Alright, all you cosmic clods, listen up. It’s your favorite celestial shit-stirrer, Ragey McSwearington, back at it again. This Sunday, May 14th, 2023, the stars are about as pissed off as a porcupine in a balloon factory, so prepare for a celestial circus of calamity and chaos.
First off, that show-off Sun is getting all cozy with Uranus like a pair of drunken frat boys, throwing stability out the window. Expect an unexpected punch in the gut, like finding out your favorite bar’s run out of your go-to poison or your ex decides to text out of the blue. Typical Sunday nonsense, right?
On the other side of town, Mercury is retrograde, acting like that annoying cousin who can’t shut up about his conspiracy theories. You’ll need to double-check your texts, your emails, hell, even your drunken karaoke song choices – this sneaky bastard’s out to embarrass you.
Venus is hanging out in Cancer, being all emotional and shit.
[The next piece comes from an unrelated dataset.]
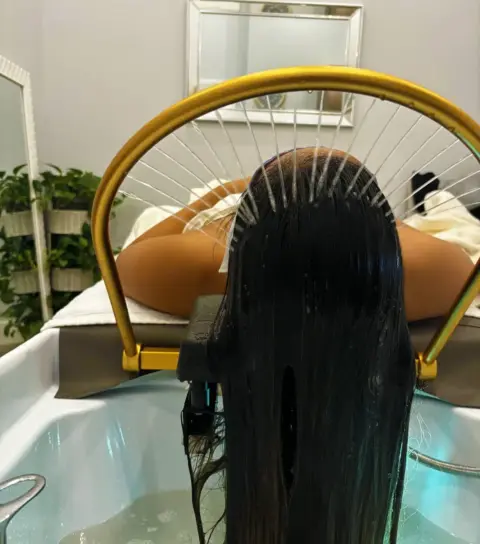 Head-Massage-Blue-Light-Vibrance-1200x1600.jpg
But it’s harmonizing with Saturn, so you might find yourself feeling uncharacteristically sentimental. Don’t be surprised if you feel the need to call your mom or post a sappy #ThrowbackThursday. Remember, even tough guys like us can have feelings.
And speaking of feelings, Mars is in Cancer as well, but it’s squaring off against Jupiter. Now, this is like a bar brawl between a heavy-weight boxer and a ballet dancer. Guess who’s who? You’ll feel the urge to go big or go home, but be careful not to dance yourself off a cliff.
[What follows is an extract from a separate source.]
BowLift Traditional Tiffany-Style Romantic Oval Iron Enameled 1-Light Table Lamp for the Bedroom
Finally, Pluto, that misunderstood rock at the edge of the solar system, is in retrograde. This means it’s time to revisit some old wounds, like a scarred bouncer nursing his whiskey. Maybe it’s that thing you said to your buddy when you were both tanked, or maybe it’s deeper. You’ll have to dig that up yourself.
So, there you have it. A celestial clusterfuck of epic proportions. But remember, you’ve weathered worse storms than this. Keep your wits about you, your fists ready, and your insults sharper than a double-edged sword. This is Ragey McSwearington, signing off. Don’t say I didn’t warn you.
NB:
Alright, you celestial screw-ups, it’s Ragey McSwearington again. I’ve got a bone to pick and a story to spin, so strap in.
So, there I was, minding my own goddamn business, nursing a glass of the good stuff at the bottom of a dive bar. In walks this giddy guy, looking like he just fell out of a Hallmark card. He starts blabbering to anyone who’d listen about his “perfect day”. Now, I’m not one to rain on anyone’s parade, but this guy was asking for it.
He goes on about how he found a fiver on the street, got a free coffee because the barista screwed up the order, and even ran into his high school crush who gave him her number. Mr. Perfect Day was living in a damn fairy tale.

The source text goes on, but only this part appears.